Cambridge Institute for Sustainability Leadership launches 10-year plan to Rewire the Economy

 

The University of Cambridge Institute for Sustainability Leadership (CISL) is today launching its milestone report and new framework  Rewiring the Economy  to show how government, business and finance can work together to bring the economy into alignment with the UN's Sustainable Development Goals.

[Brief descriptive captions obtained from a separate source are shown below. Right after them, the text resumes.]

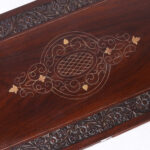 Near Pair of Antique Anglo Indian Rosewood Campaign Inlaid Stands or Chests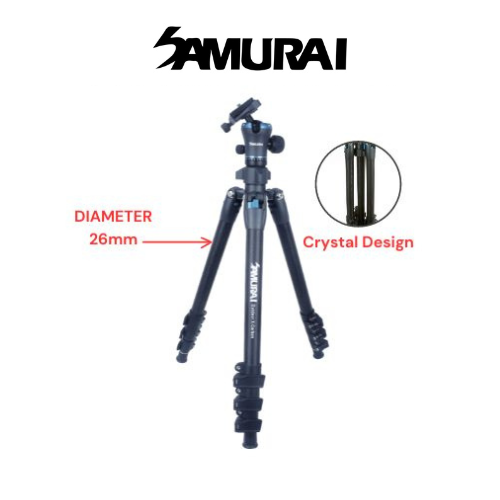 Samurai Professional Tripod Outdoor X-Carbon (Carbon Fiber)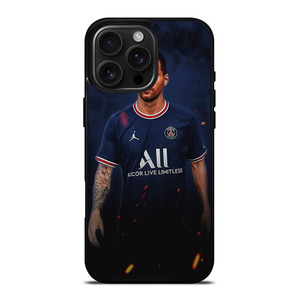 LIONEL MESSI PARIS SAINT GERMAIN PSG 3 iPhone 16 Pro Max Case Cover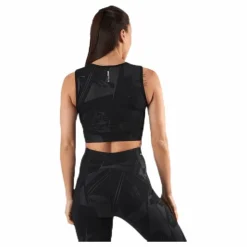 Only Play Mado Aop Cropped Training Top Black Svart Best
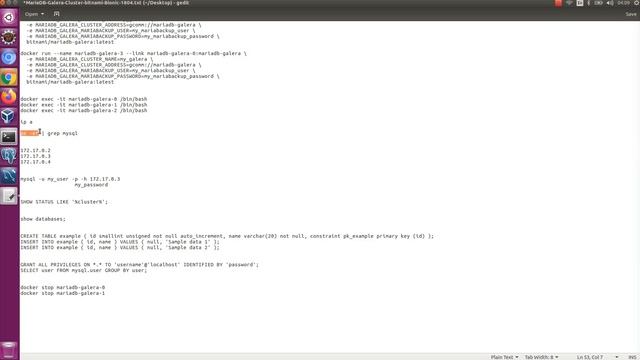 MariaDB Galera Cluster : 4 Nodes Multimaster On Docker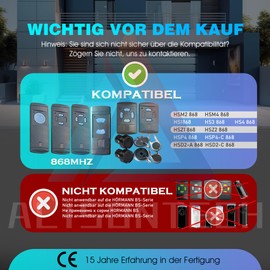 2 x HSM4 Min 4-command 868 MHz remote control garage doors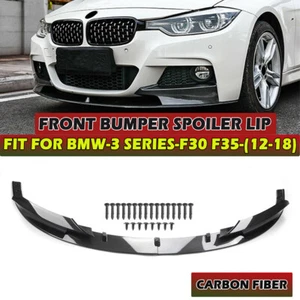 Front Bumper Lip Splitter Spoiler For BMW F30 F31 F35 3 Series M Sport 2012-18 . - Picture 1 of 11
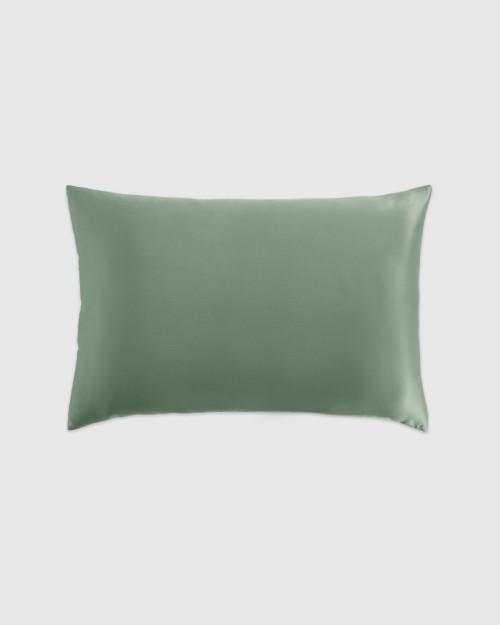 100% Mulberry Silk Pillowcase - Eucalyptus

CISL's ten-year plan to transition towards a sustainable economy, authored by Dr Jake Reynolds, is built on ten interconnected tasks for government, finance and business. It is rooted in over twenty-five years of experience of working with global leaders in sustainability and was developed in consultation with CISL's network and alumni of over 6,000 business leaders, policymakers and academics. The report shows how the tasks can be tackled co-operatively over the next decade to create the conditions for business to become an engine for sustainable development, including by scaling up efforts already underway.

Polly Courtice, Director of CISL, explains: "While we are witnessing increasing numbers of business leaders collaborating with peers, politicians and policy makers to turn sustainability ambition into practice; it is undeniably the case that inequality is rising, ecosystems degraded, resources depleted and greenhouse gas levels are increasing. For an economy anywhere in the world to navigate these challenges its operating conditions must support rather than hinder sustainable business practice."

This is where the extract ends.